Your goal | Find the line that holds "275 West 96th Street 10L, New York NY 10025" in the material below. Output that line and each one after it exactly, but not the pictures.

Task material |
-------------------------

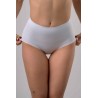 Intimidao panties 2389 - Wholesale Women's Panties - Wholesale Anfen.eu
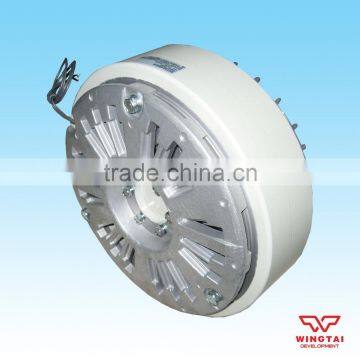 ZKB-5XN Mitsubishi Powder Clutch Brake photo-3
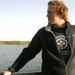 Profile Picture of Jonathan Cantrell (@jcantrell) on Pinterest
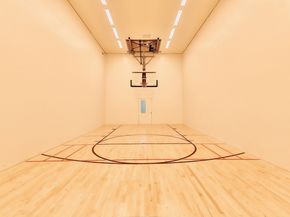 275 West 96th Street 10L, New York NY 10025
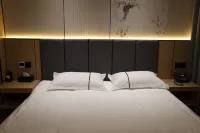 Integrity Express Hotel (Anxin Hospital Branch)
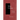 What? Nothing: Dialogs on Sovereign Decreation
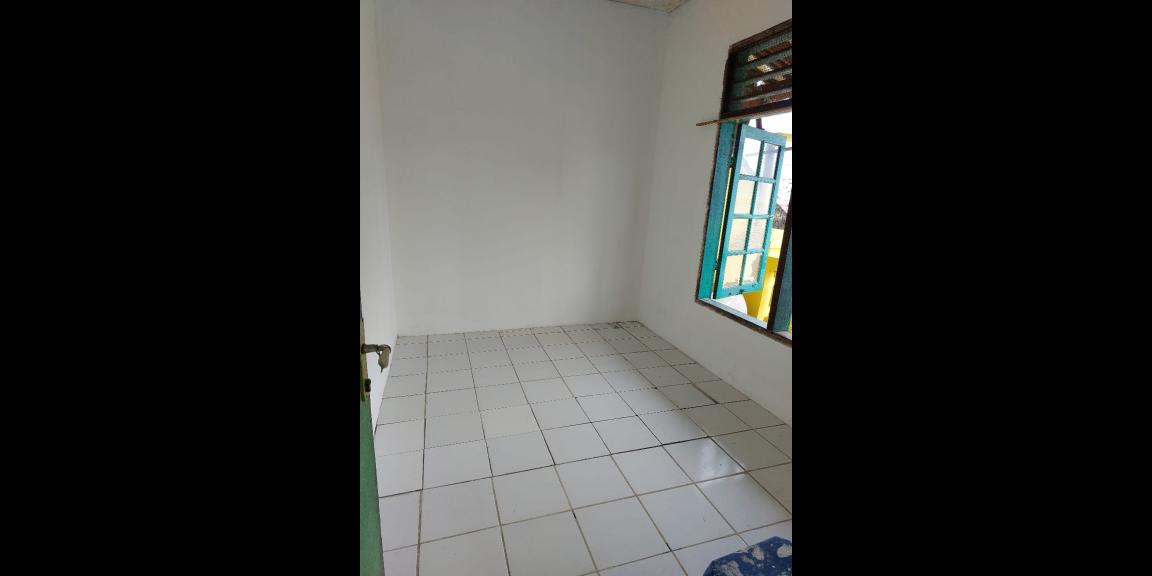 DiJual Rumah Siap Huni Jaktim DiJual Rumah Siap Huni Jaktim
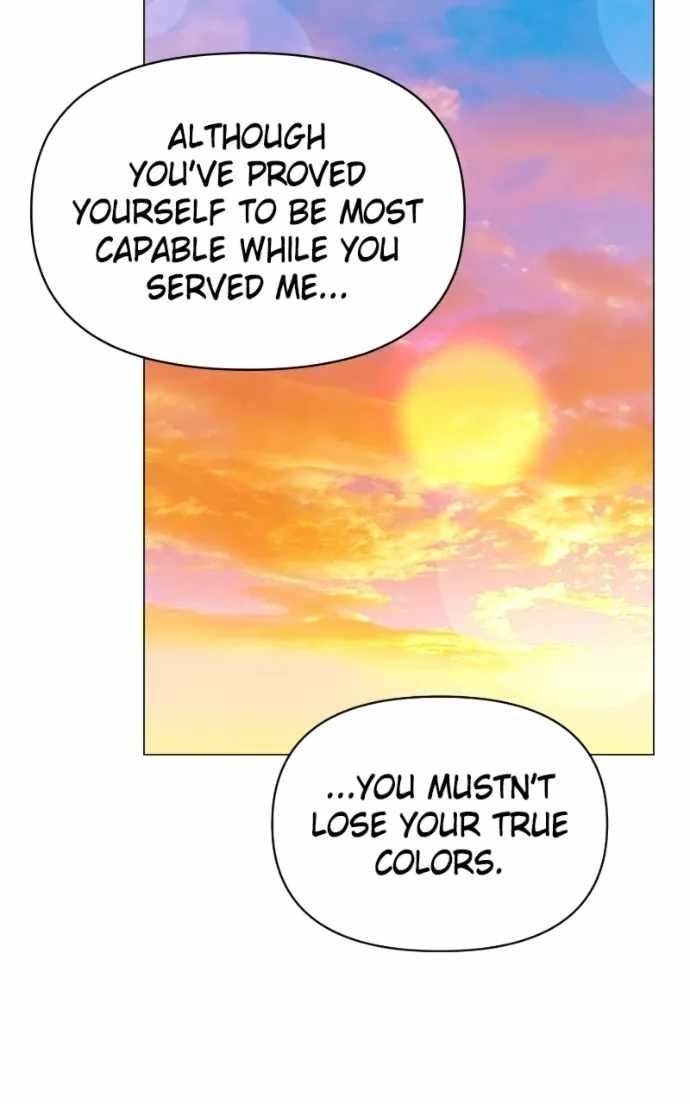 The Academy Is Ruined - Chapter 63 Page 79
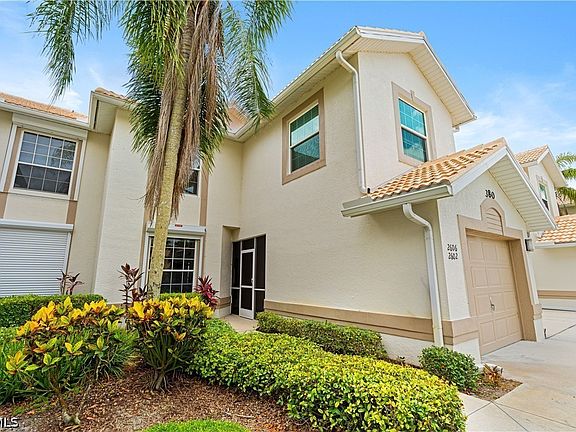 2nd image of 380 Stella Maris Dr N APT 2602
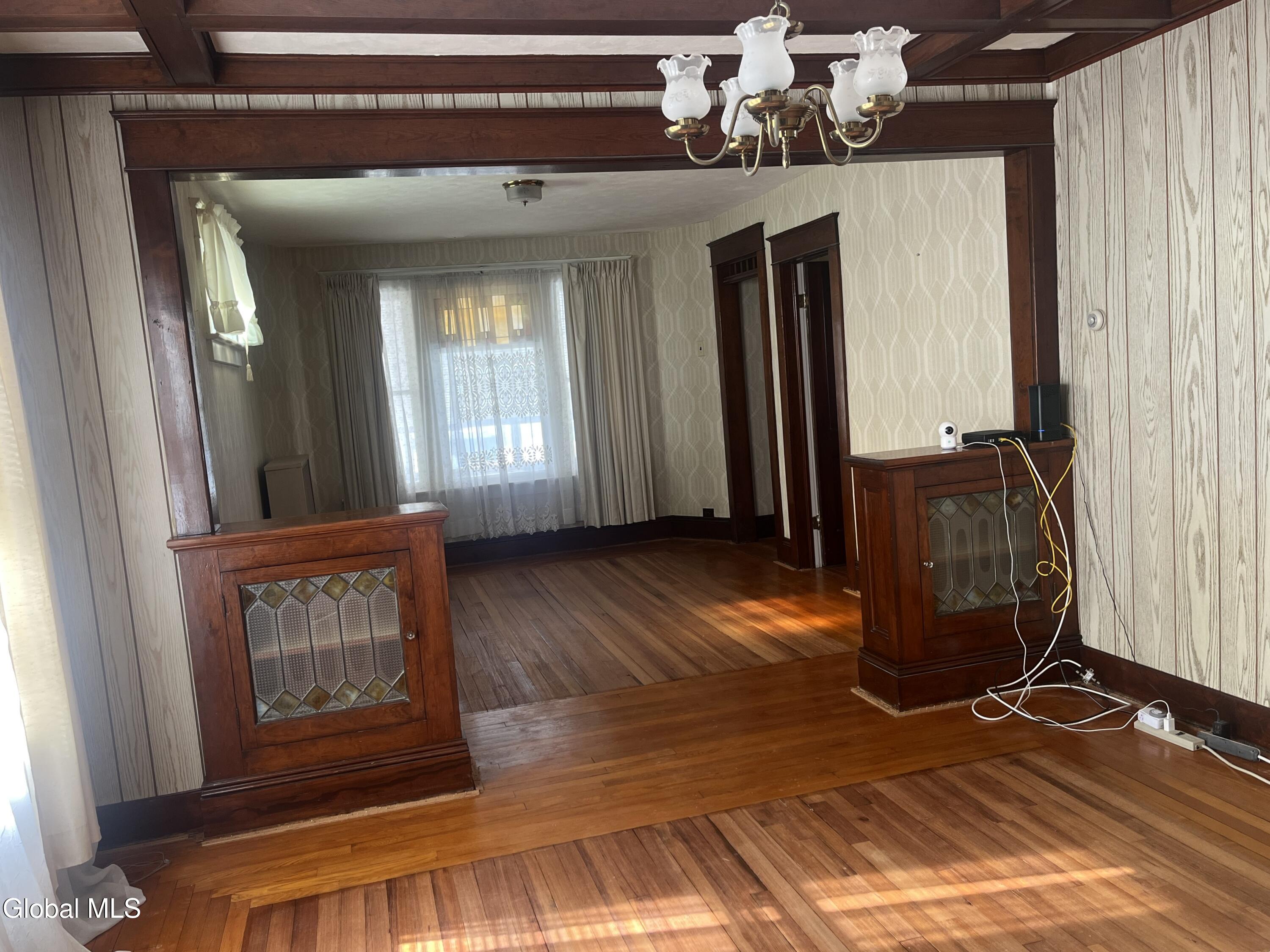 1517 Rutgers Street Schenectady, NY 12303 - Photo 7 of 25 IMG_0505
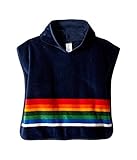 (ペンドルトン) Pendleton Pendleton Jacquard Hooded Towel ペンドルトンジャカードフード付きタオル (並行輸入品) zic9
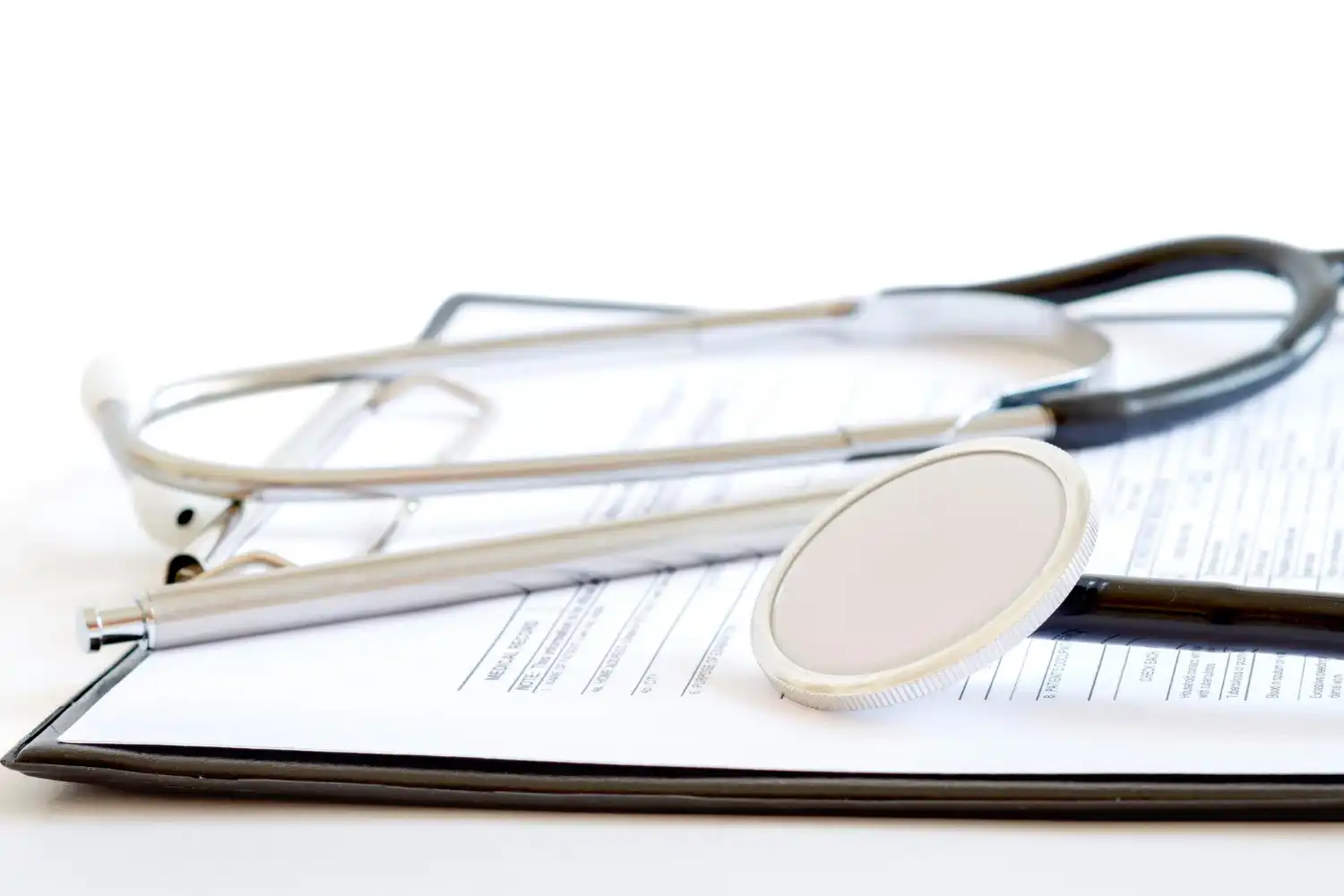 קביעת תורים וטופסי 17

-------------------------

Response |
 275 West 96th Street 10L, New York NY 10025
 Integrity Express Hotel (Anxin Hospital Branch)
 What? Nothing: Dialogs on Sovereign Decreation
 DiJual Rumah Siap Huni Jaktim DiJual Rumah Siap Huni Jaktim
 The Academy Is Ruined - Chapter 63 Page 79
 2nd image of 380 Stella Maris Dr N APT 2602
 1517 Rutgers Street Schenectady, NY 12303 - Photo 7 of 25 IMG_0505
 (ペンドルトン) Pendleton Pendleton Jacquard Hooded Towel ペンドルトンジャカードフード付きタオル (並行輸入品) zic9
 קביעת תורים וטופסי 17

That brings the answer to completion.